The FDA did not respond to a question about the extent of its communications with Monsanto regarding residue analysis, but published records show that Monsanto has had at least some interaction with the FDA on this topic . In April this year, the manager of international regulatory affairs Monsanto Amelia Jackson-Gheissari emailed requesting the FDA to set a time to talk about “the application of residue levels in the US, particularly glyphosate. ”

The FDA routinely looks for residues of several pesticides commonly used, but no glyphosate. The look of glyphosate this year is considered a “special assignment” and came after the agency was criticized by the Government Accountability Office of the US in 2014 for failing to test for glyphosate.

The FDA has not released formal results of their testing plans or results, but Saco made a presentation in June the Council of specialty crops in California who said the agency was analyzing 300 samples of corn ; 300 samples of soy; and 120 samples of each of milk and eggs. He described above some not legally permitted levels partial results obtained through April showing levels of glyphosate found in 52 samples of corn and 44 samples of soybeans, but. The presentation did not mention honey. The presentation also indicated that glyphosate testing the FDA will extend to “routine check.”

The USDA will also start testing for glyphosate, but not until next year, according to information the agency gave the nonprofit group Beyond Pesticides at a meeting in Washington in January. Documents obtained through FOIA show a plan to test on syrups and oils in 2017.

Soybeans and wheat


Like the FDA, the USDA has dragged its feet on tests. Only once, in 2011, the USDA has tested for residues of glyphosate despite the fact that the agency does generalized for residues of other pesticides less used tests. In what the USDA calls a “special project” agency test 300 samples of soy for glyphosate and found that more than 90 percent – 271 samples – carried herbicide residues.

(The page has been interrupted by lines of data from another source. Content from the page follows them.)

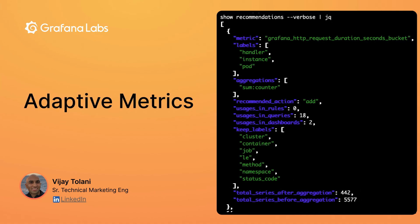Hi, this is Vijay Talani. In this video, we'll discuss Adaptive Metrics from Grafana Cloud.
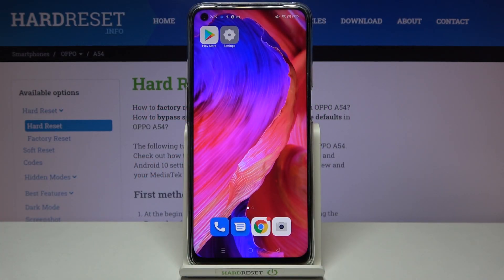Hi everyone! Here we've got the OPPO A54 and let me share with you how to reset network preferences on this device.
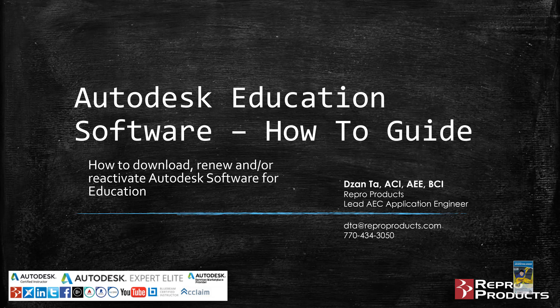Welcome everyone, this is On with Repro Products. Today's video is on Autodesk education software and a quick how-to guide on how to take care of a few things.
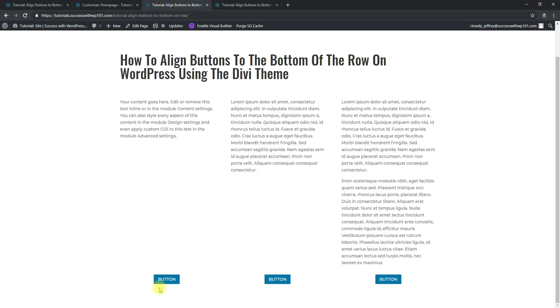That's it. You can feel free to add like an image up here or any other module up here, and the buttons are still going to be at the bottom here.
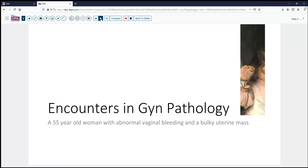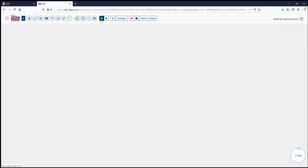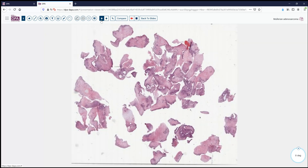Our case today is a 55-year-old woman with abnormal vaginal bleeding and a somewhat bulky uterine mass on ultrasound. She undergoes a curettage, and this is the resultant surgical sample that's submitted for our evaluation.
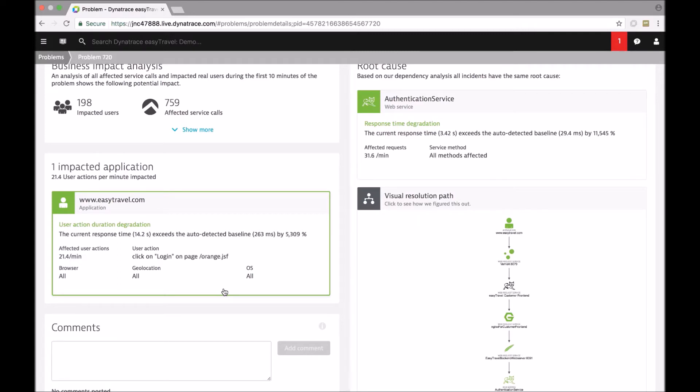In fact, Dynatrace keeps up to 10,000 different baselines for each and every application that is monitored by Dynatrace in order to have the chance to break down response time of an application by five different dimensions.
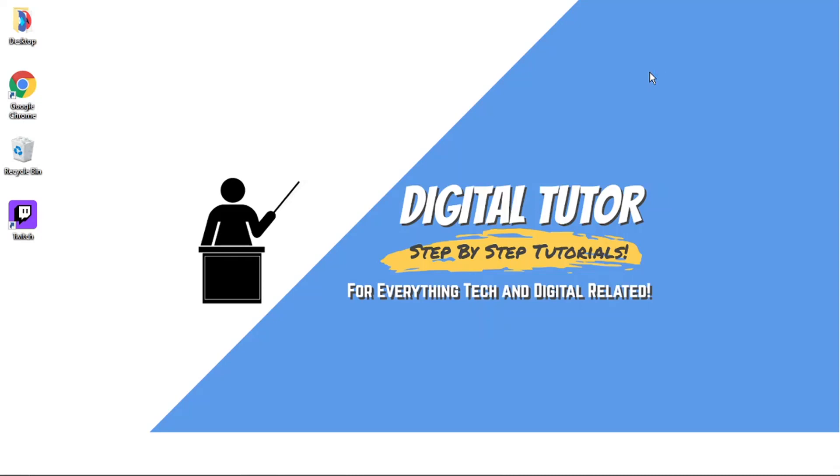Hi guys, what's going on? It's the Digital Tutor here with another step by step tutorial. In this video I'm just going to show you how to stop Twitch from opening on startup on a PC or laptop.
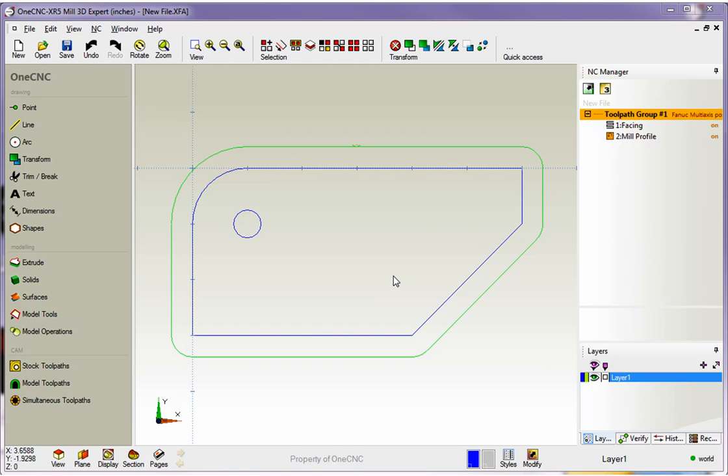Hello, this is Patrick at 1CNC West. In this training video, we're going to take a look at drilling this hole on our very first project.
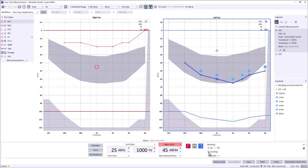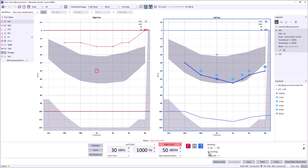To manually adjust your masking level, use the plus and minus indicators to the right of where the masking intensity level is displayed. To adjust pure tone presentation level, you can utilize the up and down arrow keys on your keyboard.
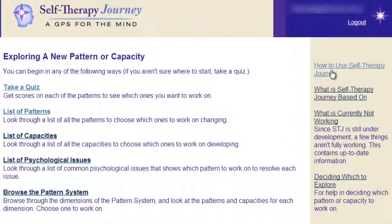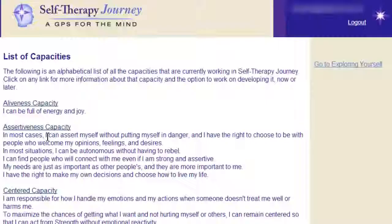Ultimately you can check out the total list of capacities. A capacity is a healthy way of being — a goal for personal growth. Capacities are things you use Self-Therapy Journey to develop.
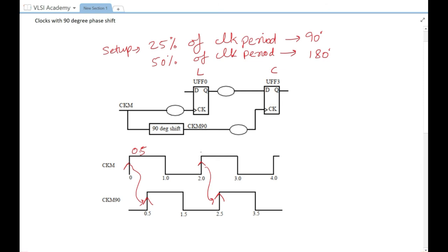When the data is launched at 2 nanoseconds we check setup at 2.5 nanoseconds. For hold, we check one cycle back — the previous rising edge. So when data launches at 2 nanoseconds, we check hold at the 0.5 nanosecond edge.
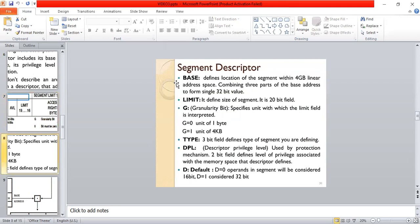The base field defines the location of the segment within the 4GB linear address space, combining three parts of the base address to form a single 32-bit value. The limit field defines the size of the segment; it is a 20-bit field. The granularity bit G specifies the unit with which the limit field is interpreted: G=0 means a unit of one byte; G=1 means a unit of 4KB. The type field, a 3-bit field, defines the type of segment. The DPL — descriptor privilege level — is a 2-bit field used by the protection mechanism that defines the level of privilege associated with the memory space the descriptor defines.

The agency said then that further testing for glyphosate “was not a high priority” because glyphosate is considered so safe . He also said that although the residue levels in some samples were close to the very high levels of glyphosate “tolerance” established by the EPA, which did not exceed levels.

Both the USDA and the FDA have long said that it is too expensive and is not necessary for testing glyphosate residues. However, the division within the USDA known as the Grain Inspection, Packers and Stockyards Administration (GIPSA) has been testing for residues of glyphosate wheat for years because many foreign buyers have great concern for glyphosate residues. GIPSA testing is part of a “sampling program of export cargo,” documents obtained from GIPSA show.

These tests showed glyphosate residues detected in more than 40 percent of the hundreds of wheat samples examined in fiscal 2009, 2010, 2011 and 2012. The levels vary, the data show. GIPSA also has been helping soy access the FDA to test. In an e-mail may 2015, GIPSA chemical Gary Hinshaw a security official food FDA said “it is not difficult to find soybeans containing glyphosate.” It is 7 December, 2015 e-mail chemist FDA Terry Councell Lauren Robin, also a chemist and a security officer consumers FDA Councell said glyphosate is present even in processed products although “well below tolerance.”

the fact that the government is aware of glyphosate residues in food, but has dragged its feet on testing for so long, frustrates many who are concerned about the pesticide.

“there is no sense of urgency around these exhibitions we live day by day,” said Jay Feldman, executive director of Beyond Pesticides.